Monday, April 21, 2014

Capital in the Twenty-First Century

I recently read "Capital in the Twenty-First Century" by Thomas Piketty (translated by Arthur Goldhammer).  This long (685 pages) 2013 book by a French economics professor has become popular in liberal circles.  However in my opinion it isn't very good.

The book can be summarized as follows.   Around 1900 wealth was large (in terms of years of annual income) and concentrated (unequally distributed) in France and similar nations.  By 1950 wealth was smaller and more evenly distributed but then became to grow larger and more concentrated again.  The author projects further increases in the years ahead, takes for granted that something needs to be done about this and proposes a worldwide tax on capital.

The historical part which traces the distribution of wealth from 1800 or so to the present is of some interest but could have been presented much more concisely.  Piketty concedes that economists in 1900 or 1950 would have been unwise to expect to be able to accurately predict the future distribution of wealth but then undaunted makes his own predictions.  I see little reason to give them much credence.

Piketty's main policy recommendation is a worldwide graduated tax on wealth.  His arguments for this aren't likely to convince anyone not already favorably disposed.  He professes to be concerned about wealth becoming concentrated in a few large inherited fortunes but much less drastic steps would prevent this.  For example requiring large estates be split at least 10 ways (that is no single heir could inherit more than 10%).  This would fairly quickly disperse large fortunes.  As Piketty acknowledges simply abolishing primogeniture has had such an effect.  

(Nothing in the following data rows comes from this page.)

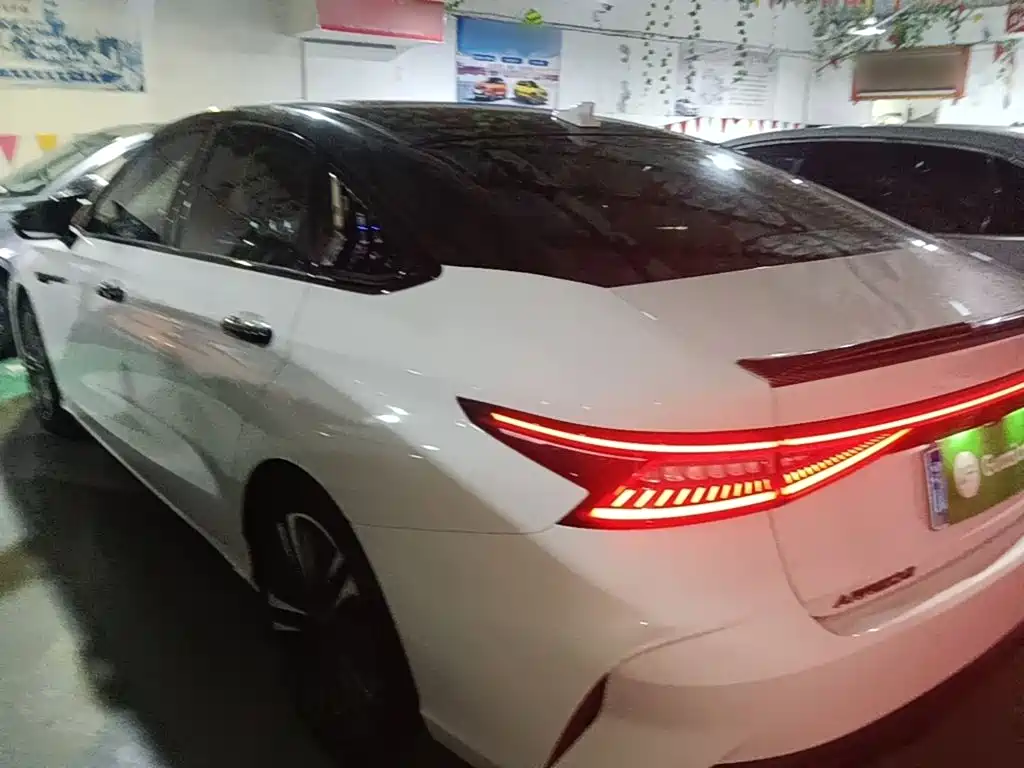 Chery Arrizo 8 — миниатюра 5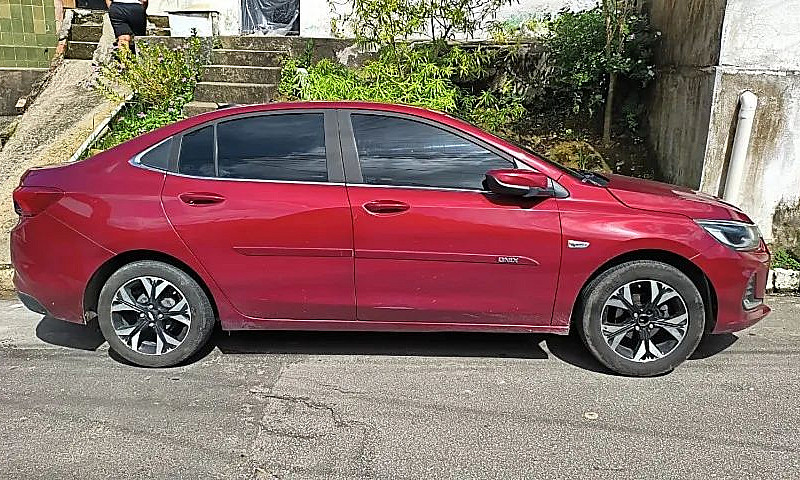 Chevrolet Onix Sedan...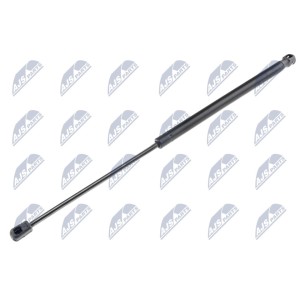 RESSORT A GAZ PRESSION MALLE DU HAYON AMORTISSEUR L=525MM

In contrast it appears likely that Piketty's wealth tax would not simply cause wealth to be spread more widely but instead would cause wealth to be diverted into consumption which would over time substantially reduce the amount of wealth.  It is unclear why Piketty thinks this is a good idea.  Piketty's predictions rely on the claim that there are few diminishing returns to wealth, that it is possible to productively employ ever increasing amounts of wealth.  So what is the benefit of a poorer society with less wealth available to increase labor productivity?   

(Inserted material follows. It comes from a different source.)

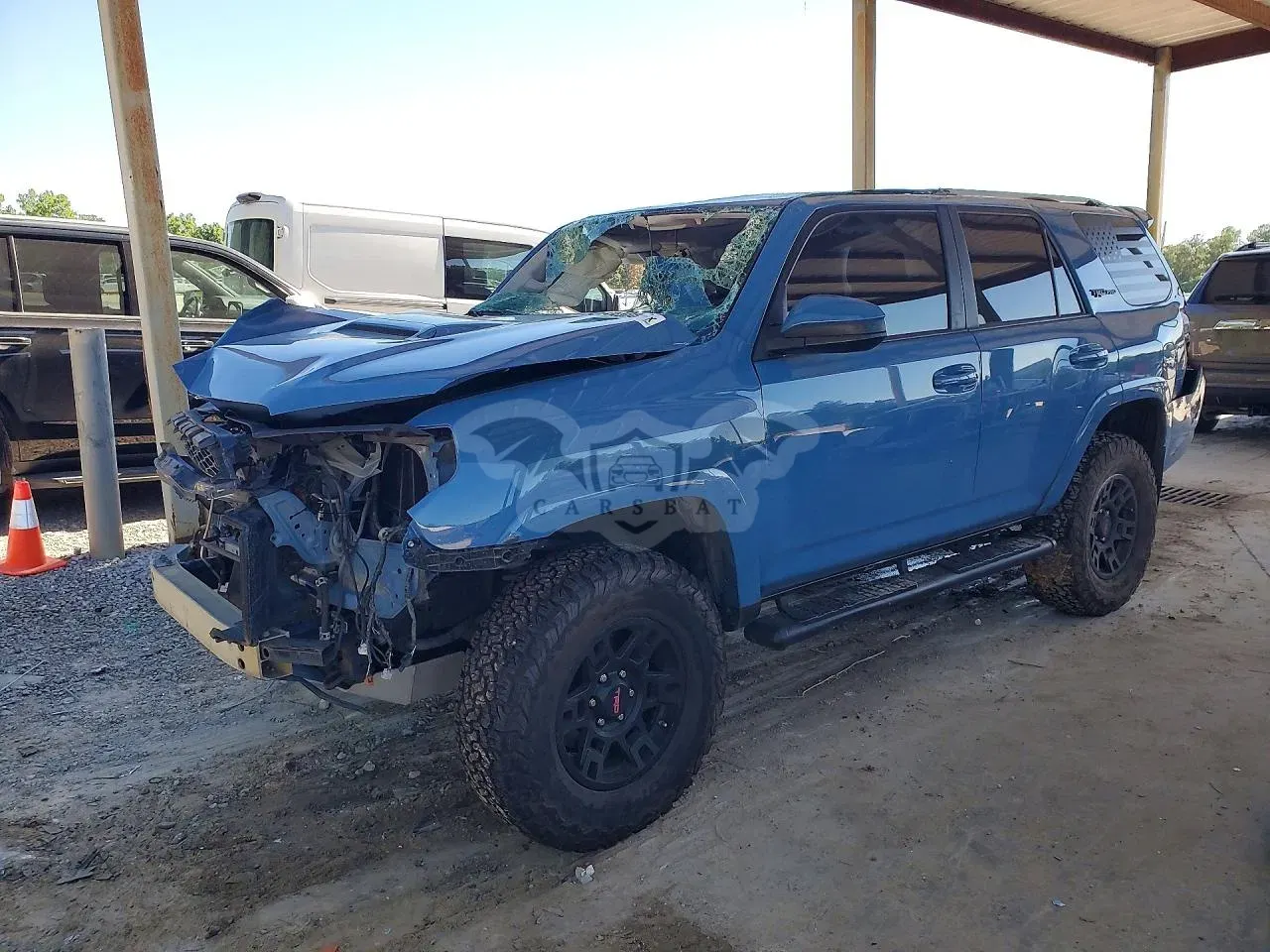 Toyota 4Runner 4.0L 6 2018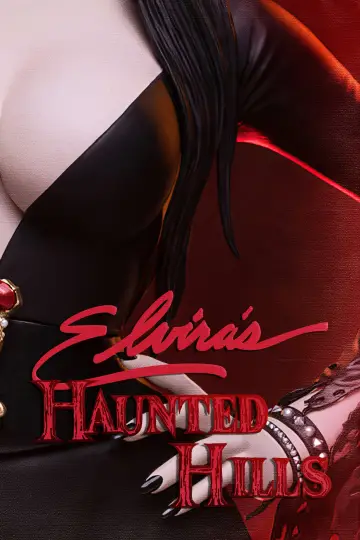 Постер до фильму"Elvira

Piketty attributes the problems of current (and former) actually existing wealth taxes to difficulties arising from trying to impose such a tax in a single country.  Hence his proposal for a worldwide tax.  But the difficulties could also be attributed to the compromises required to get a wealth tax enacted and these would only increase if you had to get the tax enacted worldwide.

The book seems unfocused and much too long.  Which makes it harder to identify the key points.  Among other things Piketty rambles on about the novels of Austen and Balzac at considerable length.   Which he cites as sources for the claim that around 1800 it was difficult to live a decent life without access to inherited wealth.  Whatever the truth of this it has little relevance to today's conditions where anyone in the top 10% of labor income is doing fine.

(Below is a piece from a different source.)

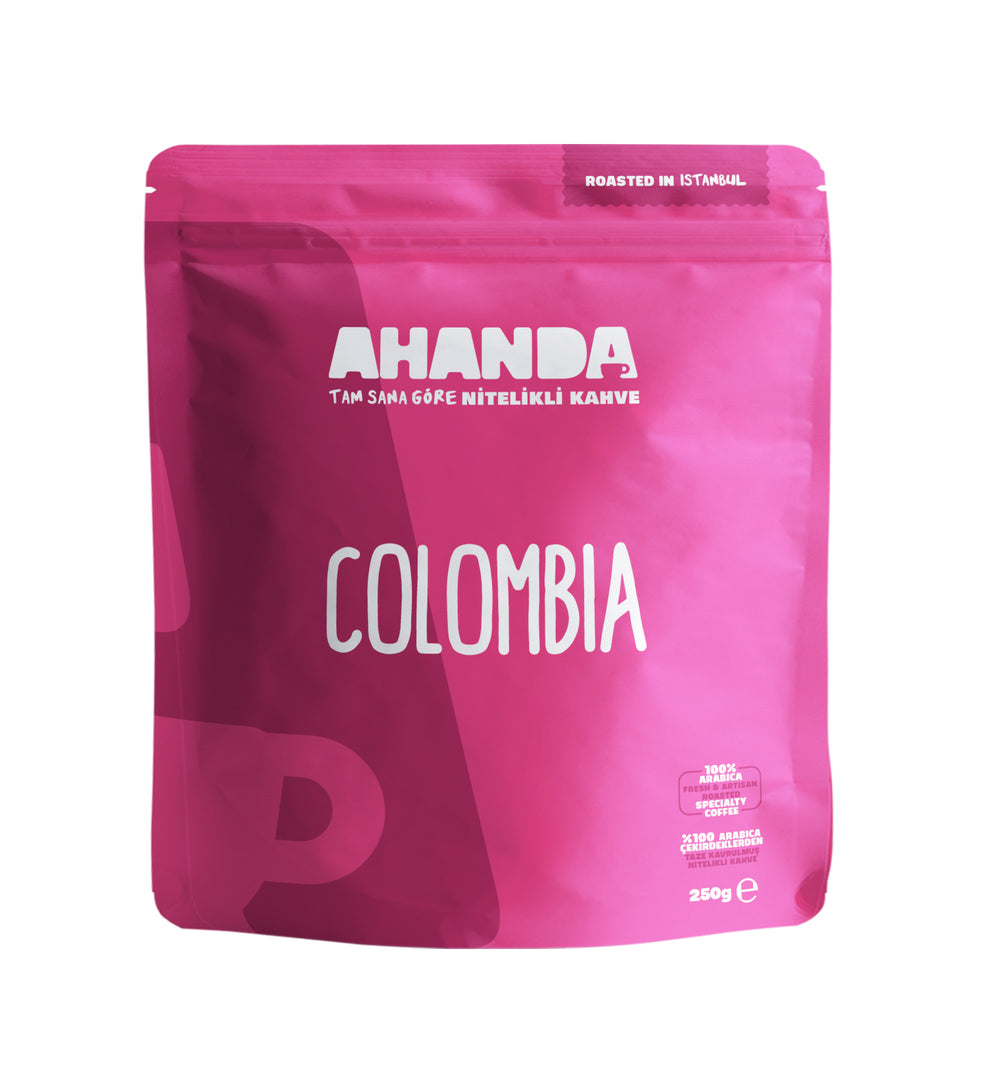 Kolombiya Filtre Kahve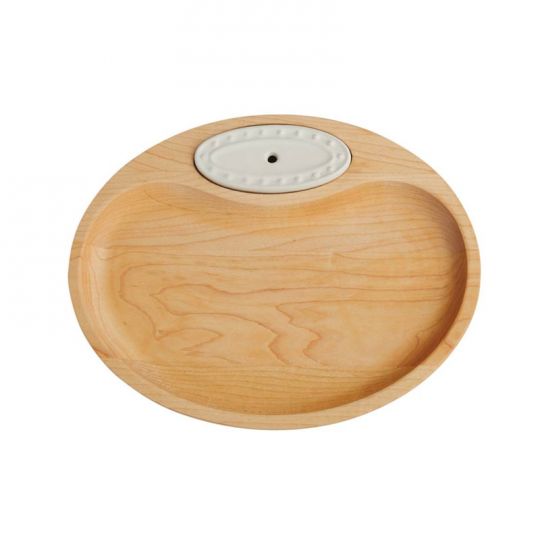 Maple Tidbit Dish Home Decor Nora Fleming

Piketty makes some curious claims, for example on page 432 that:

... In the long run, unequal wealth within nations is surely more worrisome than unequal wealth between nations.

This seems debatable to say the least.  But perhaps Piketty is more bothered by the few people who are much richer than he is than by the billions who are much poorer. 

In summary I found this book hard to get through and I don't recommend it.  If you are interested reading a few reviews seems like a less painful way to pick up the main ideas.